JUDGE LINUS S. KINDER, prominent lawyer of West Texas, has been identified with the town of Plainview in Hale county since they came into organized existence about 1888. He has been elected to offices of trust, ahs been favored with an extensive legal business, and in all the activities of a busy and useful career has made a reputation for fidelity to duty and high integrity and personal worth.
He was born in 1865 in Cape county, Missouri, where his family were among the very earliest settlers, and that section of the state has been adorned by worthy men and women of the name for more than a century. It is stated that on Christmas day of the year 1800, three years before Napoleon transferred to the great country west of the Mississippi to the United States government, the paternal grandfather of the present Judge Kinder, who was native of North Carolina, crossed the Mississippi river at the point where Chester, Illinois, now stands, and continued thence on his way to Cape county, Missouri, where he became a settler, first under French dominion and later under the stars and stripes.
Judge Kinder’s parents were W. F. and Mary E. (Clippard) Kinder. His father was born in Cape county, and died in 1902 in the adjoining county of Bollinger. He was a lifelong merchant in Cape and Bollinger counties, and was a prominent and well known man all through southeastern Missouri. The mother, who is still living in Bollinger county, was a native of North Carolina, and her family too were among the early pioneer settlers of Cape county.

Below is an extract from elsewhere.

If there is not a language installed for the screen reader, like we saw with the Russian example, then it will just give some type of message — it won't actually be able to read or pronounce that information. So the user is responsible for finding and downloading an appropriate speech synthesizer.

After receiving a good public school education Judge Kinder spent about six years in study at the Missouri State University at Columbia, at first in the classical and scientific departments and then in the law department, being graduated from the latter in 1887, at the age of twenty-two. In the same year of his graduation he came to Texas, and after practicing law for awhile in Dallas county he came to Plainview, Hale county, in September, 1888. The county had been organized only in the preceding August, and he has been identified with it as one of the pioneer lawyers throughout the subsequent years. In 1892 he was elected district attorney for the fiftieth judicial district, comprising thirteen counties in West Texas, and in 1894 he was elected without opposition, serving four years altogether. For one term he served as county attorney of Hale county. He is one of the leading lawyers of the plains country, and has a large and lucrative practice.
Judge Kinder is prominent in Masonic work, and has attained the Royal Arch degrees in the order. In 1890 he was the leader in the efforts by which was organized at Plainview the first Masonic lodge in this country west of Hardeman county. Judge Kinder was married at Plainview to Miss Mary L. Rhodes, a native of Bollinger county, Missouri, and they have two daughters, May and Lucile.